Task details:
Leave out the pictures and repeat the data exactly.

____ Given material

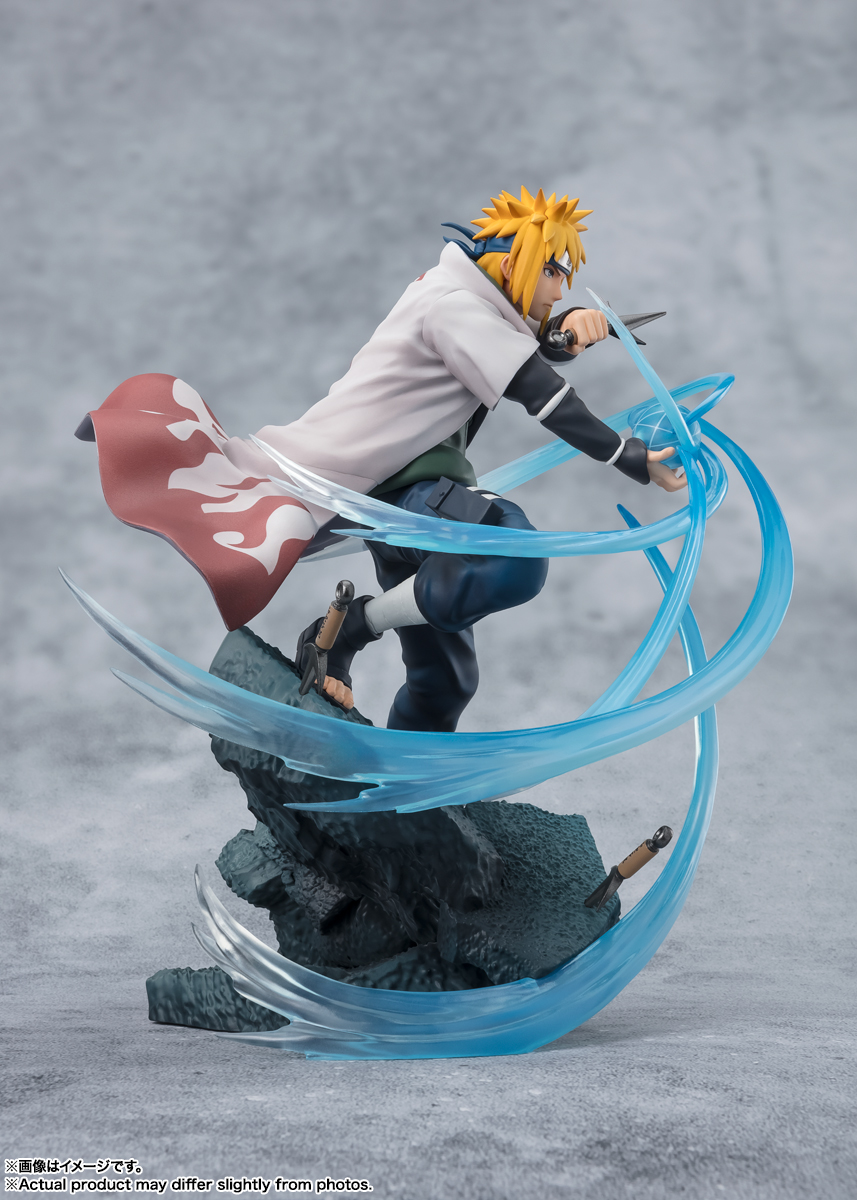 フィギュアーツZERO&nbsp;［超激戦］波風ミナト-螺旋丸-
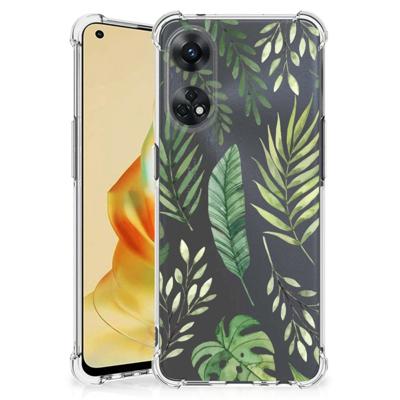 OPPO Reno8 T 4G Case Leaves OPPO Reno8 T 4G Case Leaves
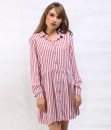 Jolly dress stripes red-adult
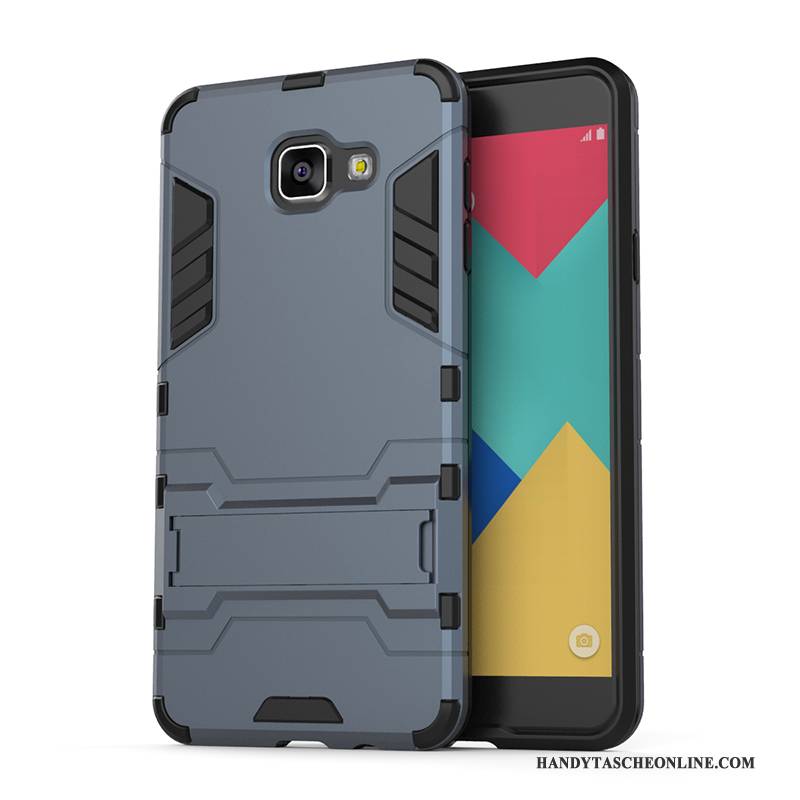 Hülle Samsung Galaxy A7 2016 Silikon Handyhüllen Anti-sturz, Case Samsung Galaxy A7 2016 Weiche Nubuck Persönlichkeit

________

Task result:
 フィギュアーツZERO&nbsp;［超激戦］波風ミナト-螺旋丸-
 OPPO Reno8 T 4G Case Leaves OPPO Reno8 T 4G Case Leaves
 Jolly dress stripes red-adult
 Hülle Samsung Galaxy A7 2016 Silikon Handyhüllen Anti-sturz, Case Samsung Galaxy A7 2016 Weiche Nubuck Persönlichkeit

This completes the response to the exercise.